Anna Thommen: My movie Neuland is about young foreigners. They come to Switzerland, to a country they don't know, they come from every part of the world, they're young, they are between 16 and 20 years old and when they come to Switzerland they have like nothing. There exists a school — it's called an integration school. So it's about this first two years in the new country with our teacher, Mr. Zingg.
I didn't look for the story. The story, I think the story found me. When I was in the film school I was working where young people come to this institution to learn more about media... And suddenly there came Mr. Zingg. He's very special. He's original and he's probably for me is probably the best teacher I've ever seen. He is very honest, he doesn't hide everything or he doesn't build their dreams and then they fall. He really tell them how is reality but at the same time he's able to motivate them.
I was just amazed about you know the teacher and the pupils, how they are together. The huge respect they have for each other. And so I was amazed and I was thinking about making a movie about that. And so I was asking at lunchtime I was asking Mr. Zingg if he would do that and he was very, very spontaneous and said yes, let's do that. And then I realized that he always thought like for ten years to make a movie about his pupils. The whole world, who is coming into one classroom and I saw this like a mirror of our society of what is going on in the world.
It was hard at the beginning to have the confidence of the kids .You know you can imagine, they came, they are new in the country, and they don't understand the language. They don't know what the teacher is talking about and everything, and then there is also a camera and they don't know... We couldn't tell them at the first day what we are doing, but I knew in the movie, I really, really have to film from the first day on.
What drew me to film was through theater. I was acting in theater, so I loved fiction and everything, I love to tell stories, but at the same time I also realized reality is so much more interesting than what I was thinking in my head. I remember when we were at a camp in the mountains with... Where we spend a whole week all together, day and night, and they talked a lot about their life story, about what they experienced during the trip to Switzerland and everything and in the night I couldn't sleep anymore. It's like you go to a second or third world country, and you come back to Switzerland to your rich country and to your protected life. And then everything makes no sense. You ask yourself, should I not help now? You know, it's always the difficulty when you make a documentary, but at this project it was very difficult to be observing, and to film, and not to help. And I had to tell me a lot of time you're here as a filmmaker and for luck, there was Mr. Zingg, because then you know I always knew Mr. Zingg will help.

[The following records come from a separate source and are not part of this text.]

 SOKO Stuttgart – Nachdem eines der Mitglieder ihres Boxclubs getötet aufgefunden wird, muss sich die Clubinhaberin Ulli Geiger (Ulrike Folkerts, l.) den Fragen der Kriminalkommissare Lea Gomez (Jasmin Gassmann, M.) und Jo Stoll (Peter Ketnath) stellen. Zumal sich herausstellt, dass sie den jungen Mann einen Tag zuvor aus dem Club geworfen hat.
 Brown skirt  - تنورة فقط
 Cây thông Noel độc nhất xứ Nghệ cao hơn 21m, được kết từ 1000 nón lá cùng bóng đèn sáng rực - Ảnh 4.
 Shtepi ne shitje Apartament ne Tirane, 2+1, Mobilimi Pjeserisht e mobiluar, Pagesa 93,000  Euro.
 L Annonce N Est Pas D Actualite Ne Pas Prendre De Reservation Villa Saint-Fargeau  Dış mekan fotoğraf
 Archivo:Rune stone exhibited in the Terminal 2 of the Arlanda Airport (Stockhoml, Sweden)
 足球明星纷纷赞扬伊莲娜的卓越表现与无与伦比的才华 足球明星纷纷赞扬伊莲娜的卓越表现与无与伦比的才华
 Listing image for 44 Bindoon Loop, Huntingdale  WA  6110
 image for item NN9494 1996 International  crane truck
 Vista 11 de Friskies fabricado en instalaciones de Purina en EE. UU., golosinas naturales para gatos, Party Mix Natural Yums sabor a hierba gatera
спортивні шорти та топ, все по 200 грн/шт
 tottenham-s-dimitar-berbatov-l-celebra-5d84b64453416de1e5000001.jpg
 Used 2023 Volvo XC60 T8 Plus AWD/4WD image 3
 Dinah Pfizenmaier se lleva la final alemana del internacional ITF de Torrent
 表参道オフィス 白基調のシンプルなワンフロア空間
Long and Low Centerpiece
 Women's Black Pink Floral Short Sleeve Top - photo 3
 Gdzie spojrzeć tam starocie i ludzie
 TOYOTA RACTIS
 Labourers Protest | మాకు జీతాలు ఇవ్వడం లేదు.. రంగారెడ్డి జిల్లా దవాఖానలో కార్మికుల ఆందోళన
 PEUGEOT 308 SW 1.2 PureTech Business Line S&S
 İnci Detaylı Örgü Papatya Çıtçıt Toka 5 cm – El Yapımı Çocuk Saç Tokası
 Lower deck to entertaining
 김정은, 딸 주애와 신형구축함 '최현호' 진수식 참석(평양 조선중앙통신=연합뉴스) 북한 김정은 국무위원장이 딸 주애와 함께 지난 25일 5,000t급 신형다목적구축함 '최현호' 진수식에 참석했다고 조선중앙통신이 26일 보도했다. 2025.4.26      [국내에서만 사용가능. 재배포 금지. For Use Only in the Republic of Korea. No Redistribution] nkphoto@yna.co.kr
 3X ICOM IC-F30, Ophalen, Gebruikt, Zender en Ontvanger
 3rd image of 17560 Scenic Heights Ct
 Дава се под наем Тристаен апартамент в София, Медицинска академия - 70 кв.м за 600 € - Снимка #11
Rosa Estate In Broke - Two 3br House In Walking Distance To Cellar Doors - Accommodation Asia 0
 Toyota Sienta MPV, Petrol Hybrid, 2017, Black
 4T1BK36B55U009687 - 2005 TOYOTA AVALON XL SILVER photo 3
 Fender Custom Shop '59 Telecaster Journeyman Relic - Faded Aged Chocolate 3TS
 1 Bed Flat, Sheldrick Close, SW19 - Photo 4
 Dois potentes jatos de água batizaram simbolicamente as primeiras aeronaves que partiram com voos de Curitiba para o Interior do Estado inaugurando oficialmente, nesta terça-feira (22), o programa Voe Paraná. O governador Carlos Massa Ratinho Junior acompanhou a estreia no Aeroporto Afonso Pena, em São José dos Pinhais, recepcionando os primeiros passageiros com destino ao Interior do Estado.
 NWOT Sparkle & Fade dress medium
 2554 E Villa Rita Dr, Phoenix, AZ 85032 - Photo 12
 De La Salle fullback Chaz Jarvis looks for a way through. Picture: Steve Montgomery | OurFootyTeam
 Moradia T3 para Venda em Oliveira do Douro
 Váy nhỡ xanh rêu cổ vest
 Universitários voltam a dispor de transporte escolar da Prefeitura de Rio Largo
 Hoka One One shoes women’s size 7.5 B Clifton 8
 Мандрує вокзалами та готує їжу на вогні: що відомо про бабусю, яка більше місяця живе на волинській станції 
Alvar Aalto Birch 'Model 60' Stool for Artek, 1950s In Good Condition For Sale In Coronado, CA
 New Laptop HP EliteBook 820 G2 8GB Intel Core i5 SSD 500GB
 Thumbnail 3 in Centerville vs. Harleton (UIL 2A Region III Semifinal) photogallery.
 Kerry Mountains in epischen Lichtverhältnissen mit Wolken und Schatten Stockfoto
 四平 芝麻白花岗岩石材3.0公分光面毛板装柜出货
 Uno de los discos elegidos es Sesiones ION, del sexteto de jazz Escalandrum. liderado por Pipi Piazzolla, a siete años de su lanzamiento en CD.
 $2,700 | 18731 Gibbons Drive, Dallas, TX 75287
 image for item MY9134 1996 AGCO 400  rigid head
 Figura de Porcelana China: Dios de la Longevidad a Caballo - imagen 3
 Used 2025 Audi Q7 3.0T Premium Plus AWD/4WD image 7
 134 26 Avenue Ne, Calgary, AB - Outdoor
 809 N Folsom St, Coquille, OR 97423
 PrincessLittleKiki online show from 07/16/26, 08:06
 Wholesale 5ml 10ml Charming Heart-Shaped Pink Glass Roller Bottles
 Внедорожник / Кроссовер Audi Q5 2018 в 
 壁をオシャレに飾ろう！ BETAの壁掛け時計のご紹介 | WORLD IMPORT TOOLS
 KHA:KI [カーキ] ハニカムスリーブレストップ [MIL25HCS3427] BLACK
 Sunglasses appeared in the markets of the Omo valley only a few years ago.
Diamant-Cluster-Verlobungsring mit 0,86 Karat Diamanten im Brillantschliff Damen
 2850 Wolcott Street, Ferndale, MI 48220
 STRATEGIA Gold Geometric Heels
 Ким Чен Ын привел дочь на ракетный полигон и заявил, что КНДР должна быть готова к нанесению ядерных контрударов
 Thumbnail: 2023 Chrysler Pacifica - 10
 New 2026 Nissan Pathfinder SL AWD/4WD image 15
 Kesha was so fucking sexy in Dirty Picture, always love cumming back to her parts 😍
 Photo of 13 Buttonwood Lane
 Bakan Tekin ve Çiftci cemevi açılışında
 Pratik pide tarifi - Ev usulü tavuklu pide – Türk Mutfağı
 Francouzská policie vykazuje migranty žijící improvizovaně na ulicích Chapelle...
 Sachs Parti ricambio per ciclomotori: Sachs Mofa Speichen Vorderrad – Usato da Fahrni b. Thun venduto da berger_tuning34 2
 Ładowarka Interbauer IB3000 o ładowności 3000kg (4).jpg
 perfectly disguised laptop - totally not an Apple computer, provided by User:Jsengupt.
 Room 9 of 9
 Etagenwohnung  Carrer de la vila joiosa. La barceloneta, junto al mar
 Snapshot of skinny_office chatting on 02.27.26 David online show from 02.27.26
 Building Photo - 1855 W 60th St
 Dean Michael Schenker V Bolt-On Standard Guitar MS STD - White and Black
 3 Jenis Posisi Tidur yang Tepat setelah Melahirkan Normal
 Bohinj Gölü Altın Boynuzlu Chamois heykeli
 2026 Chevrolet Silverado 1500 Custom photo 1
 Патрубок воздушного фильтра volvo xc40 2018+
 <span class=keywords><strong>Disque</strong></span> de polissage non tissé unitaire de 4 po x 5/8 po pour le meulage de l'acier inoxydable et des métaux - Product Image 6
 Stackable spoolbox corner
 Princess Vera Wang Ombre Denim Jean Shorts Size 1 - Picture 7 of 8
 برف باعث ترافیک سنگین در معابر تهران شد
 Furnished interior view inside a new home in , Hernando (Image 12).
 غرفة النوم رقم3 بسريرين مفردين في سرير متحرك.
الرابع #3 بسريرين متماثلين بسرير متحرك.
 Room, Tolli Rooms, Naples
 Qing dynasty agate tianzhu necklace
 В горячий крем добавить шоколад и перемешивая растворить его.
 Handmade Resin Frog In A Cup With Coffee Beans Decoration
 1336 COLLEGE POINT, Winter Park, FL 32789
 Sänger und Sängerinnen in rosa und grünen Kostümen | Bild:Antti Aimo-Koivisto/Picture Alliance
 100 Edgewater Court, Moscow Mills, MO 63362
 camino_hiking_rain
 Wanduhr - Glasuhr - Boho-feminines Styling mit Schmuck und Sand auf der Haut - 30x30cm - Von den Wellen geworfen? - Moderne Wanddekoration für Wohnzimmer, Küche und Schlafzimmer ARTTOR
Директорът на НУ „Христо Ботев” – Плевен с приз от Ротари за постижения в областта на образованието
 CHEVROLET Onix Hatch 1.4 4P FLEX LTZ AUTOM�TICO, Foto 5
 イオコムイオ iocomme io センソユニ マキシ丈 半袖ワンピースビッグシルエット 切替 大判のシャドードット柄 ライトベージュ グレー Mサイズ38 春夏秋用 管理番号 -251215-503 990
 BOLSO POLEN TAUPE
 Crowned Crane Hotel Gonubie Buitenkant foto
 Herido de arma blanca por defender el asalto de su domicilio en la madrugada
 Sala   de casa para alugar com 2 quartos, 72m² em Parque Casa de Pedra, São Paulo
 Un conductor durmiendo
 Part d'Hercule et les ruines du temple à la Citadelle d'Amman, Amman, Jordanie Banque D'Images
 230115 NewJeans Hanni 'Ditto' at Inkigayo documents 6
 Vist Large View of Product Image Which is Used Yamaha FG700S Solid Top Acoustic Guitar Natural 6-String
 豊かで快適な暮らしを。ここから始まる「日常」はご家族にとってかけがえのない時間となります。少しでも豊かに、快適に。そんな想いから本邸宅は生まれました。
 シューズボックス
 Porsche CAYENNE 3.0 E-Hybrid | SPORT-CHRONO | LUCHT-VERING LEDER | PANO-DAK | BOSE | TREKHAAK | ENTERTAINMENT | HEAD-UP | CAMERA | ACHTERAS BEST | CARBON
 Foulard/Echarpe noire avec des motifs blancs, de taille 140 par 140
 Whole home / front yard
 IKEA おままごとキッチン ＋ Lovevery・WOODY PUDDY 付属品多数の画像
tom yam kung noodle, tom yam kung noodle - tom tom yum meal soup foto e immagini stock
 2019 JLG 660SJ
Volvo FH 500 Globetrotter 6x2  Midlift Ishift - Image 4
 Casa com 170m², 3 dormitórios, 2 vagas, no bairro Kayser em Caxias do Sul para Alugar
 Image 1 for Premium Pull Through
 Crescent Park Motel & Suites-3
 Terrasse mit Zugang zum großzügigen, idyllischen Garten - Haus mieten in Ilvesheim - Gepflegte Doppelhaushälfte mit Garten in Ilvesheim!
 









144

The first time when I showed the movie to all the characters was at the premiere. Because it's very difficult to look at yourself, it's very difficult to hear yourself also. Also for me. But I think for young people it's much more difficult, and they have a lot of self-criticism and I wanted to avoid that. And then I thought it's also very important that they have an audience, who – I was hoping – is engaged with them, and has emotion and will applaud a lot. And so it was. And they came to the stage of the theatre. A lot of people came to them and said thank you for showing us your life, and it's very courageous, and everything, so it was very important to show them like that.
I had a lot of time the reactions of people who watched the movie, and then after, they decided to give chances to young foreigners, because they have every day, telephone calls from young kids who are not able to really speak proper German and the reaction is to yeah, we don't have something. And to hang up, and then after the movie, I heard a lot of time the reaction that they always think okay now I have to, I want to give chances and I think this is, yeah, it's a great reaction.
It's about foreigners coming to Switzerland, but you know the movie is more about human beings coming together. There are people, they know a lot of foreigners in the cities or they work with foreigners, they don't... Are not afraid because they realize okay we are the same, and we also need foreigners to develop ourselves and society and the economy and everything. And then there are other people who have no contact – real contact, human contact – to foreigners. And then fear gets huge… Big. I did not want to make a political movie. It's about characters. And you involve very fast with these characters. You get emotional with them. You are sad when they are sad, you really want them to find a solution and this was really important for me. To be emotional, not to be intellectual, political, to be emotional.